Империя здесь — то продукт полицейского террора, то эстетического синтеза. Повсюду продолжение и углубление западной катастрофы принимает форму сопротивления ей. Повсюду продолжают разрушать под предлогом реконструкции.

[1]«Диспозитив» является одним из ключевых понятий Мишеля Фуко. Его использование порождается концентрацией философа на вопросе власти, точнее настойчивом смещении фокуса анализа с «юридического строения верховной власти, государственных аппаратов и сопровождающих их идеологий» на «материальные механизмы господства» (курс «Нужно защищать общество», 1976), эти последние и называются диспозитивами. Согласно определению Фуко, диспозитивы разнородны: они включают дискурсы и практики, учреждения и подвижные тактики. В зависимости от исследуемого случая, Фуко использует выражения «диспозитивы власти», «диспозитивы знания», «диспозитивы сексуальности», «дисциплинарные диспозитивы». В книге «Воля к знанию» (1976), где выражение «диспозитив сексуальности» становится центральным, диспозитив — это «Совершенно гетерогенный ансамбль, включающий дискурсы, учреждения, архитектурные планировки, регламентирующие решения, законы, административные меры, научные высказывания, философские, моральные, филантропические суждения, короче говоря, сказанное и несказанное [ … ]. Сам же диспозитив — это сеть, которая может быть установлена между этими элементами. [Прим. переводчиков. На основании статьи в словаре Judith Revel, Le vocabulaire de Foucault, Ellipses, Paris, 2002].

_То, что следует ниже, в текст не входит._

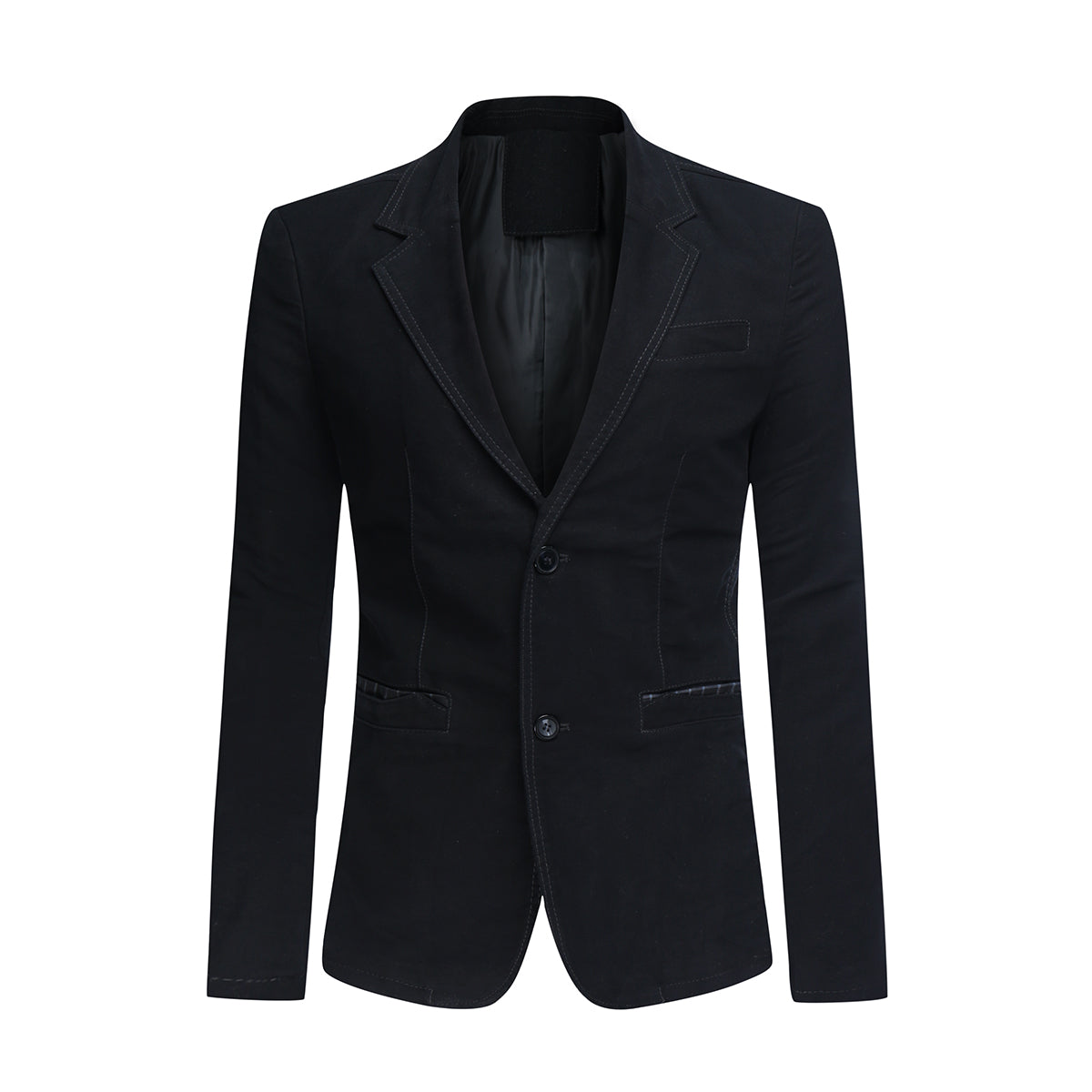Men's Slim Fit Casual Blazer - 2 Button Autumn Sport Coat in Black | Perfect for Office, Business Meetings & Smart Casual Outfits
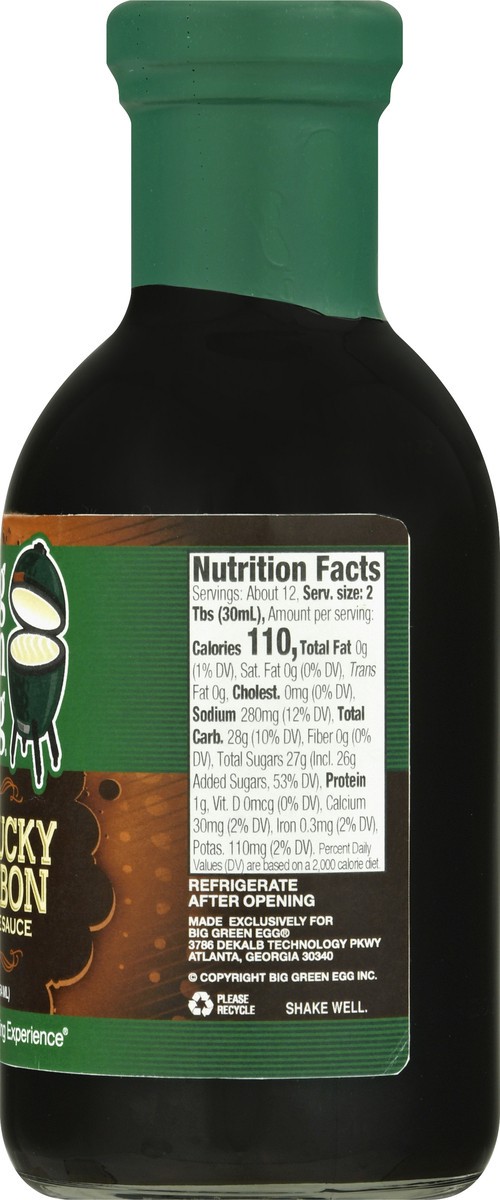 slide 4 of 9, Big Green Egg Kentucky Bourbon BBQ Sauce, 12 oz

Невидимый комитет. Прекрасный ад.

Фото: © Невидимый комитет

Эстетика или революция

Главная миссия эстетики по воссоединению того, что Запад беспрестанно ухищрялся разделять, заложена с её официального кантианского зарождения. «Критика способности суждения» 1788 года доверила красоте и искусству задачу по сочетанию бесконечности моральной свободы и строгой причинности, которой подвластна природа, красота была призвана заполнить ту «бесконечную бездну», которая поначалу разделяла «Критику чистого разума» и «Критику практического разума». Менее чем за шесть лет эта эстетика оказалась перекроена Шиллером в контрреволюционную программу, открыто отвечающую на коммунистические, повстанческие тенденции Французской революции. Этот шедевр западной реакции, названный «Письма об эстетическом воспитании человека», появился в 1794. Смысл таков: в человеке существует два антагонистических инстинкта: чувственный инстинкт, который укореняет его в частностях, в жизненных необходимостях, в чувствах, одним словом — обусловленность; и инстинкт разумный, формальный, который через размышление отрывает его от частностей, аффектов и возносит к универсальной истине. Эти два инстинкта находятся в бесконечной борьбе таким образом, что то, что принадлежит одному, постоянно берётся у другого, за исключением точки гармонии, в которой они встречаются, поддерживая друг друга. Эта точка чудесного примирения, наивысшей благодати и есть эстетическое состояние, а инстинкт который ему соответствует — инстинкт игры.

«Итак, одна из важнейших задач культуры состоит в том, чтобы подчинить человека форме уже в чисто физической его жизни и сделать его, насколько это зависит от царства красоты, эстетическим. [] Одним словом, нет иного пути сделать чувственного человека разумным,как только сделав его сначала эстетическим. [] Человека чувственного нужно перенести под совершенно иное небо. [] В эстетическом государстве все, даже служебное орудие, является свободным гражданином, равноправным с самым благородным, и рассудок, насильно подчиняющий терпеливую толпу своим целям, должен спрашивать здесь о согласии. Итак, здесь, в царстве эстетической видимости, осуществляется идеал равенства».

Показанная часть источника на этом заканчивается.